**Task requirements**
Give the listing below again exactly, but without any of its pictures.

**The data**
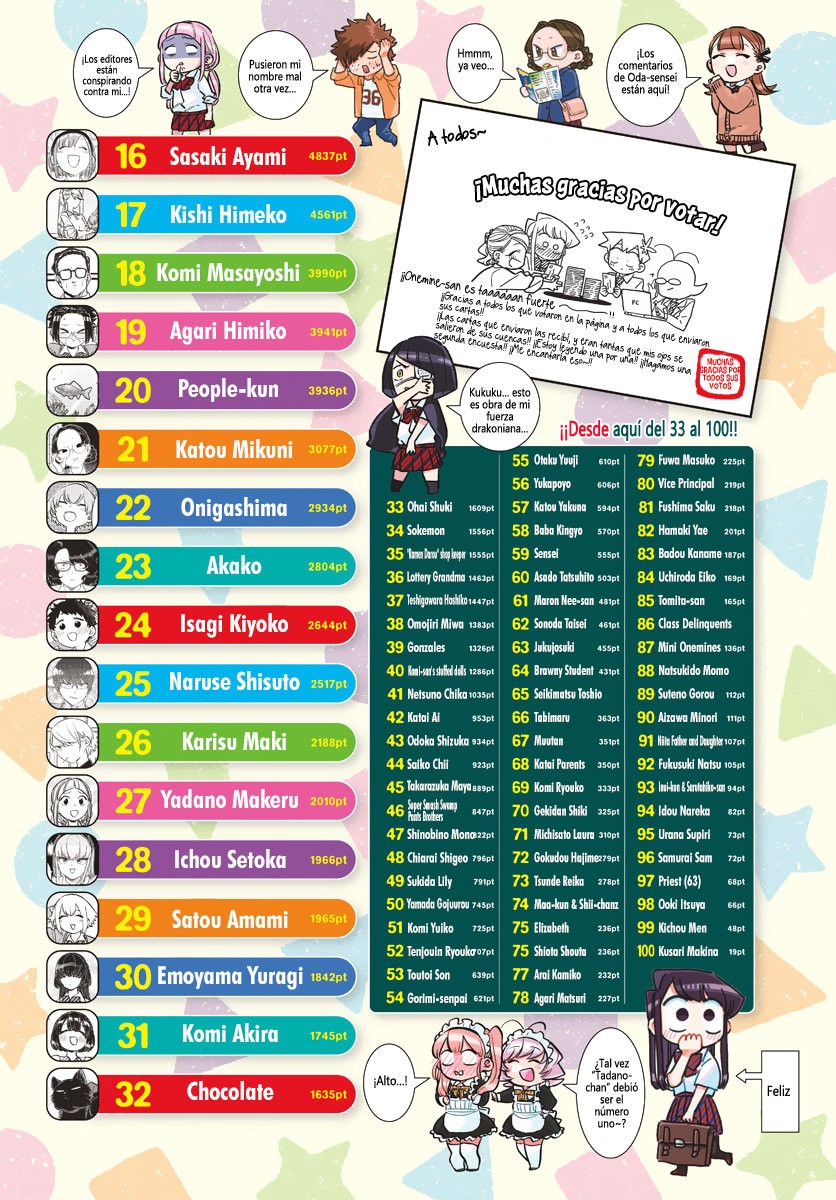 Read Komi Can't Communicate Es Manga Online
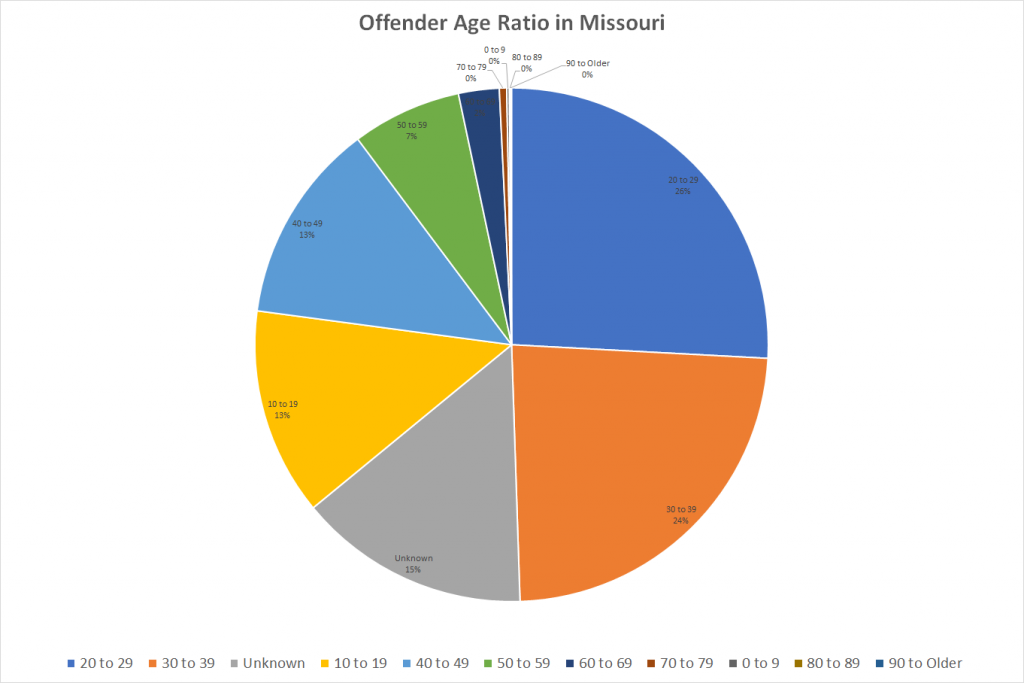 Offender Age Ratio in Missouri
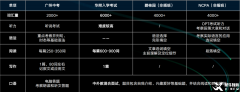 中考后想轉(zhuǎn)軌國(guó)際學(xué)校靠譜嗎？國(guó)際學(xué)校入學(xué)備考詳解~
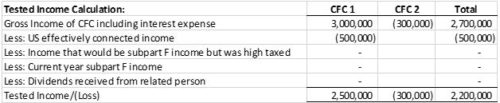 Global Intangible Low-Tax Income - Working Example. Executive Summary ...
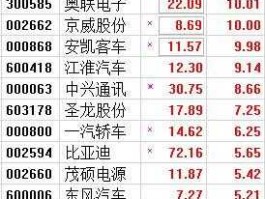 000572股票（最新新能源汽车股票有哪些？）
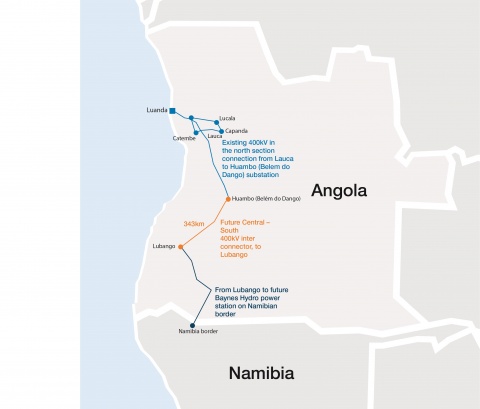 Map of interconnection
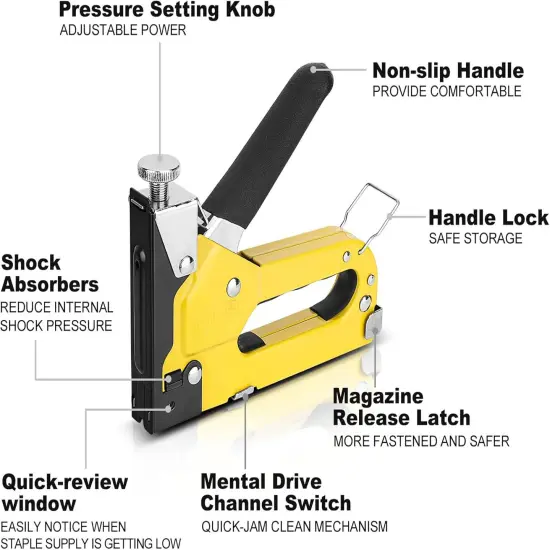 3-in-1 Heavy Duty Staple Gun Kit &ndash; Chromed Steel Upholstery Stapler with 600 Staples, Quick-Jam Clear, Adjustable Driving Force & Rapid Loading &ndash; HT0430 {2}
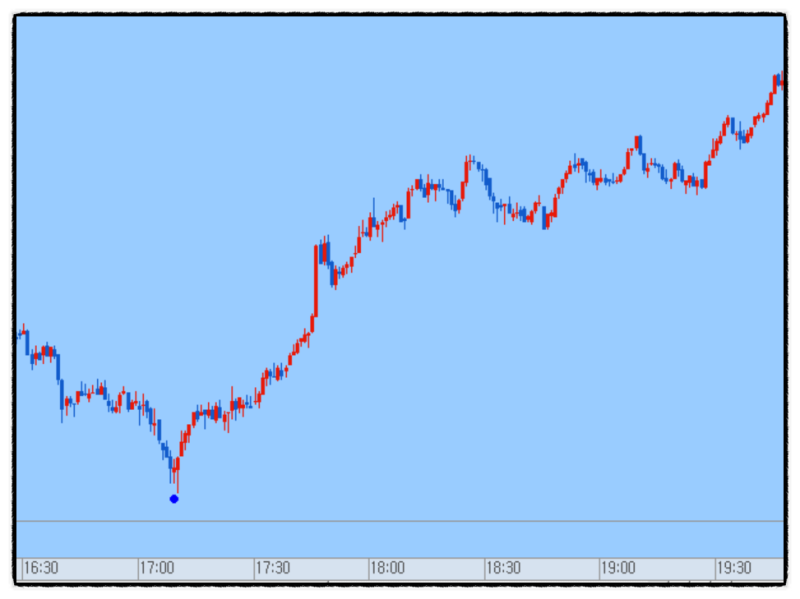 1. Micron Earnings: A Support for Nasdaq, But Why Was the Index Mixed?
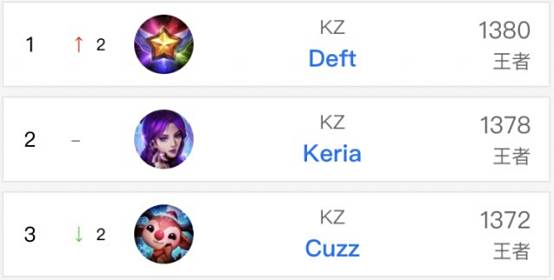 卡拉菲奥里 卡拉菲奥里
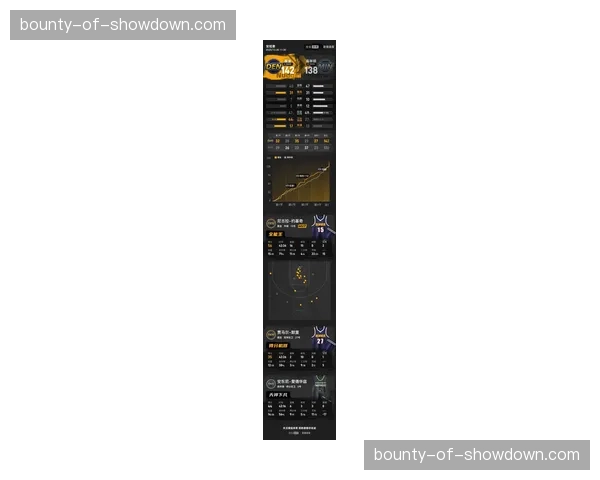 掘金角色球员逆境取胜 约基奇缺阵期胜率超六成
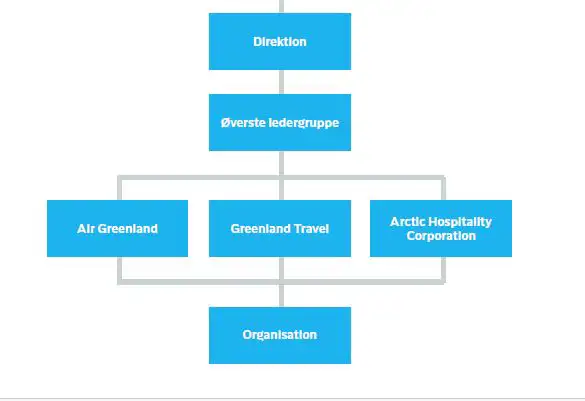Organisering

**Solution**
 Read Komi Can't Communicate Es Manga Online
 Offender Age Ratio in Missouri
 中考后想轉(zhuǎn)軌國(guó)際學(xué)校靠譜嗎？國(guó)際學(xué)校入學(xué)備考詳解~
 Global Intangible Low-Tax Income - Working Example. Executive Summary ...
 000572股票（最新新能源汽车股票有哪些？）
 Map of interconnection
 3-in-1 Heavy Duty Staple Gun Kit &ndash; Chromed Steel Upholstery Stapler with 600 Staples, Quick-Jam Clear, Adjustable Driving Force & Rapid Loading &ndash; HT0430 {2}
 1. Micron Earnings: A Support for Nasdaq, But Why Was the Index Mixed?
 卡拉菲奥里 卡拉菲奥里
 掘金角色球员逆境取胜 约基奇缺阵期胜率超六成
Organisering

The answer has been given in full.